**LISTED ENTRIES**
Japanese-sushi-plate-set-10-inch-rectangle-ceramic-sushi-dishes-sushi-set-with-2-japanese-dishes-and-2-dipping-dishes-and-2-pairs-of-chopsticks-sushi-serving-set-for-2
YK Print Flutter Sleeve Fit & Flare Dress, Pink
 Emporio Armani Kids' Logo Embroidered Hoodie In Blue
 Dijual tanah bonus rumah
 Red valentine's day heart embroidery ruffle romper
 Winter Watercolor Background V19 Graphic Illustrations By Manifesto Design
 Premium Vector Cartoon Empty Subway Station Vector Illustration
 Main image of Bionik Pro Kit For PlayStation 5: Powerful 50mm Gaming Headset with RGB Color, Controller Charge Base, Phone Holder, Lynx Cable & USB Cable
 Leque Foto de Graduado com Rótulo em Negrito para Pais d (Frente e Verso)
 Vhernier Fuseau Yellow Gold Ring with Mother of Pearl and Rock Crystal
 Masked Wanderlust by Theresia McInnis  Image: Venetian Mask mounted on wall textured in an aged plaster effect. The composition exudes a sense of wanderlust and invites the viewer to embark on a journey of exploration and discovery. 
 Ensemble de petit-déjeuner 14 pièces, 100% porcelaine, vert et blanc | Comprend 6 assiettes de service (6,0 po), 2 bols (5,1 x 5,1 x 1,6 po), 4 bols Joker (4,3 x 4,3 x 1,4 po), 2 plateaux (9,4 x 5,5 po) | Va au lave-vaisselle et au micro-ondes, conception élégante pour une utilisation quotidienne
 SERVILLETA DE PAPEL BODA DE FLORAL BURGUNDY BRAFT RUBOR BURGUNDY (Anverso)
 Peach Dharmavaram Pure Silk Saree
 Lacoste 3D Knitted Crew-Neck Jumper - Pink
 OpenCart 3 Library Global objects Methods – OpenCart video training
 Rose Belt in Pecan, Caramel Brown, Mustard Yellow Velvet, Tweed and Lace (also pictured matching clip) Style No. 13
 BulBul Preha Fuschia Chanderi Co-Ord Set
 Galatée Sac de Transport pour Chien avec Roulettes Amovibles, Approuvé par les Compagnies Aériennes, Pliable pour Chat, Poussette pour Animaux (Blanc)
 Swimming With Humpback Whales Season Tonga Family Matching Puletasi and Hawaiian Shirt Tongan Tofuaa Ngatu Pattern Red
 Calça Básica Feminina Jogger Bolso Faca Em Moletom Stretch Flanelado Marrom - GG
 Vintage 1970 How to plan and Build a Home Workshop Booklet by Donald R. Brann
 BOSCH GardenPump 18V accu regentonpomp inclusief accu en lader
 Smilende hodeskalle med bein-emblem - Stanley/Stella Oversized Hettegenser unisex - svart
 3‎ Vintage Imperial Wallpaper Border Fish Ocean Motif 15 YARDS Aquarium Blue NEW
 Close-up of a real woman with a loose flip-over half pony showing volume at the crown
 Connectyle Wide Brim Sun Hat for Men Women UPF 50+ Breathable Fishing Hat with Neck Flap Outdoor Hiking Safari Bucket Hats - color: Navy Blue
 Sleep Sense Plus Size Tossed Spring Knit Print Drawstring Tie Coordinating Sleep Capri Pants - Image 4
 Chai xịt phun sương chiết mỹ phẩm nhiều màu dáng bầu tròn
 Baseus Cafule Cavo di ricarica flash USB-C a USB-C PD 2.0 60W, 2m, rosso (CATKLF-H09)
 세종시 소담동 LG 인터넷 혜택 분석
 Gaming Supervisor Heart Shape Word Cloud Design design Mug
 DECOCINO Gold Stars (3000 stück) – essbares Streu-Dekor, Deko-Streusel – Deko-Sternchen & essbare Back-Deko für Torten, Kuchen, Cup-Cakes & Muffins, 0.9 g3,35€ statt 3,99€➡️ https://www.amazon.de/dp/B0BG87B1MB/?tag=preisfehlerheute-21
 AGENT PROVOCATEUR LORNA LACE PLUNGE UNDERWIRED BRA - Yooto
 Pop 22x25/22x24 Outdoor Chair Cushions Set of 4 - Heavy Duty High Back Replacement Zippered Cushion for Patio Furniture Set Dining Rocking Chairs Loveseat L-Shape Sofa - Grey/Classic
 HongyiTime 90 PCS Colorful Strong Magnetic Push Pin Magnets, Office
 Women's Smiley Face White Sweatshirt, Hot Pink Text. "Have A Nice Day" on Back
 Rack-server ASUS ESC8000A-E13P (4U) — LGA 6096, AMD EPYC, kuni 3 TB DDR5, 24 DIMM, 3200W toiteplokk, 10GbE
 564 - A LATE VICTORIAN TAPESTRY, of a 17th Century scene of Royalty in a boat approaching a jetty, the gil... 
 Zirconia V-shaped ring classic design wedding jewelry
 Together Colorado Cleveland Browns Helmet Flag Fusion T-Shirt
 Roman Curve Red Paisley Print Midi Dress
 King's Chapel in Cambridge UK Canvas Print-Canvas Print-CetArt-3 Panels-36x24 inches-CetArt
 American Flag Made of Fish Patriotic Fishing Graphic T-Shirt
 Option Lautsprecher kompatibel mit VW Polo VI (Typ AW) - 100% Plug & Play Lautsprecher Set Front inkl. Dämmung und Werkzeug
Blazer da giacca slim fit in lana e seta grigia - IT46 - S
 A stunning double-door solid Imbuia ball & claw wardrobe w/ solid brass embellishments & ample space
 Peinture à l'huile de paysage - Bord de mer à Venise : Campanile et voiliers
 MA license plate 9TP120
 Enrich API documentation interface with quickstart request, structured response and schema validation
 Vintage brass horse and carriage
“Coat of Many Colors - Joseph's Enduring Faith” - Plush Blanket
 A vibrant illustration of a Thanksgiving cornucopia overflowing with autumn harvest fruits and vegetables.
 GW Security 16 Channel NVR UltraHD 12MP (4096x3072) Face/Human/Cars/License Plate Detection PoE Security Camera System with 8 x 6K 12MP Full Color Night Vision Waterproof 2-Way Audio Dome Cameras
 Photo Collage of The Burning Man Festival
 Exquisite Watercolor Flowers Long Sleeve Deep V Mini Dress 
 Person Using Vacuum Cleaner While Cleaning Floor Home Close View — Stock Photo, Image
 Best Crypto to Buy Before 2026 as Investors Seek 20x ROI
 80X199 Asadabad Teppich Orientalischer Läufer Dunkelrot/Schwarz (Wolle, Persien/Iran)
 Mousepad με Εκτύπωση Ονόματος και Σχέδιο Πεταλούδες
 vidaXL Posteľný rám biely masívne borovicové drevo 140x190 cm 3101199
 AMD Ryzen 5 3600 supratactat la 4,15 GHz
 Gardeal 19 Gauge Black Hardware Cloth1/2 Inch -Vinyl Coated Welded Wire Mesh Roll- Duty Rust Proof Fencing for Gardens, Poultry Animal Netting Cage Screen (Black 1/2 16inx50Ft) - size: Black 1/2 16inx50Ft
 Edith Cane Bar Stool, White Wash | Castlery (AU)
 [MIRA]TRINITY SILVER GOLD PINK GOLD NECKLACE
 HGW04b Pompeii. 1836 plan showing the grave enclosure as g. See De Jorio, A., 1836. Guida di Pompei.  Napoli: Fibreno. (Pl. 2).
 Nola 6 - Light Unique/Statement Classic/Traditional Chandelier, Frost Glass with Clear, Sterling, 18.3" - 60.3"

**WORK INSTRUCTION**
Across the listing above, count the lines that contain the string "Print" and report the figure alone.

**TASK SOLUTION**
4